Ganeti OSL Infrastructure

Ganeti is a cluster virtual machine management framework written primarily by Google. It offers us quite a bit of flexibility in scaling, deploying, and managing virtual machines. Instead of using ISCSI with a single point of failure like we currently use, Ganeti will utilize DRBD which is basically like having RAID1 (mirroring) over the network.

From a storage point of view, all the instances (virtual machines) will be using local storage on the server with a secondary node having its block device synced via DRBD over a private network. We should be able to handle N+1 failure with Ganeti (i.e. we can lose at least one node). There is currently no automatic way of failing instances over if a node goes down.

Instead of using Xen for virtualization, we’ll be using KVM, which will enable us to be 100% free and opensource with this environment. A major plus in our minds!

Reasons for choosing Ganeti

Our Xen cluster has been a great system overall the last several years, but lacks many important features:

  • Non-redundant storage backend
  • Lack of inexpensive scalability (requires expensive storage solutions for expansion)
  • Hardware doesn’t support VT/AMD-V so Xen is our only option
  • Xen Dom0 support is not included in the mainline kernel (hard to maintain)
  • Aging hardware
  • No cluster-wide management
  • No automated deployments

The recent outages with our backend iSCSI storage has pushed us to look at other options. Initially we were looking at using some type of libvirt based solution, however we discovered Ganeti and decided to give it a look. This was around the time that ganeti 2.0 was released and offered a large slate of changes and improvements including support for KVM. Here’s a list of the the important features and reasons we chose Ganeti.

  • Ease of node (Dom0) deployment and cluster expansion
  • Automated redundant storage (via DRBD)
  • Support for KVM (making it much easier to use newer kernels)
  • Cluster-wide management of VMs
  • Easy to use and unified tools
  • Deployment automation
  • Reporting and management tools
  • Useful API for writing automation scripts
  • Responsiveness of the Ganeti Community

With Ganeti, we can write better tools for adding new VMs, and balance loads on the nodes. It also gives us a cluster-wide view of our virtualization infrastructure and no longer need to log into each node to interact with the VMs. Since iSCSI is out of the picture, disk I/O should be much faster with the use of local disks. We can still run into the risk of I/O starvation but we should be able to limit it to one or two nodes. Additionally, it allows us to write tools that will enable our projects more direct access to the VMs for things like power cycling, console access, etc.

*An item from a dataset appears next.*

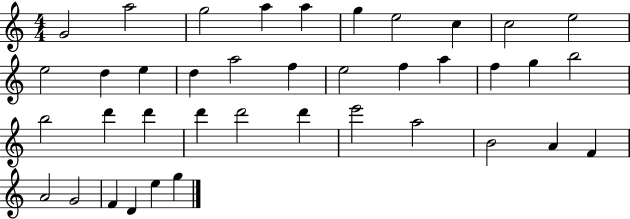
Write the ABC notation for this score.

Check out the basics of how Ganeti works wiki page to have a better overall understanding of its framework.

Why not use Libvirt?

So why not use some type of libvirt based solution? Well there are several reasons, but the primary one being that its not a cluster-aware application. Each libvirt node works as a single host. While there are probably some projects out there that offer the cluster-wise solution, Ganeti is so much easier to manage with. Using ganeti does mean that we won’t be able to use already made tools such as virt-manager, however it will not take much time to build something that offers the same features. Ganeti replaces many of the things that libvirt does and puts it in a cluster mindset instead of a host-by-host mindset.

Infrastructure Overview

Here’s an overview of what our Xen and Ganeti infrastructures look like. We currently host around 60 virtual machines for various projects.

Xen Cluster Infrastructure

Hardware Summary

  • 3 Disk nodes (iSCSI) servers
  • 14 Xen nodes (Dom0)

Disk Node (Storage)

We use three servers running Gentoo Linux with the iSCSI ietd daemon. This is currently the single point of failure in our system and the cause of many of our recent problems with VM outages. They suffer from I/O starvation often if a VM ends up using a lot of disk I/O.

Xen nodes

We have 14 IBM HS20 blade servers with 4G of RAM that are getting close to 4-5 years old and run as the Dom0 for Xen. Each node has access to all of the iSCSI luns so that we can do live migrations. Doing migrations is done manually and is prone to errors sometimes.

Ganeti Infrastructure

Summary

  • 4 Ganeti Nodes (Dom0)

Instead of centralized storage accessed over iSCSI, each node (Dom0) in the cluster uses LVM on top of a redundant RAID configuration for instance storage. For further redundancy each instances disks are synced across two nodes. In case of a planned or emergency downtime we can simply move each instance to it’s secondary node where it can resume normal operation. This configuration gives us an easily managed and highly redundant storage environment while giving the projects we host faster and more reliable disks than were available on our Xen cluster.

Nodes

We have 4 HP DL360’s with 24G of RAM and 730G of RAID5 storage available on each node and running Gentoo Linux. Each of these nodes have qemu-kvm installed and KVM enabled in the hardware and kernel. If we lose one node, we can still keep all of the VMs online after failing them over.

Once we run out of space in the current cluster, we can simply add another node and balance out the nodes with some tools. The node does not need to be exactly the same in specs, which gives us a lot of flexibility if we get hardware donated to us.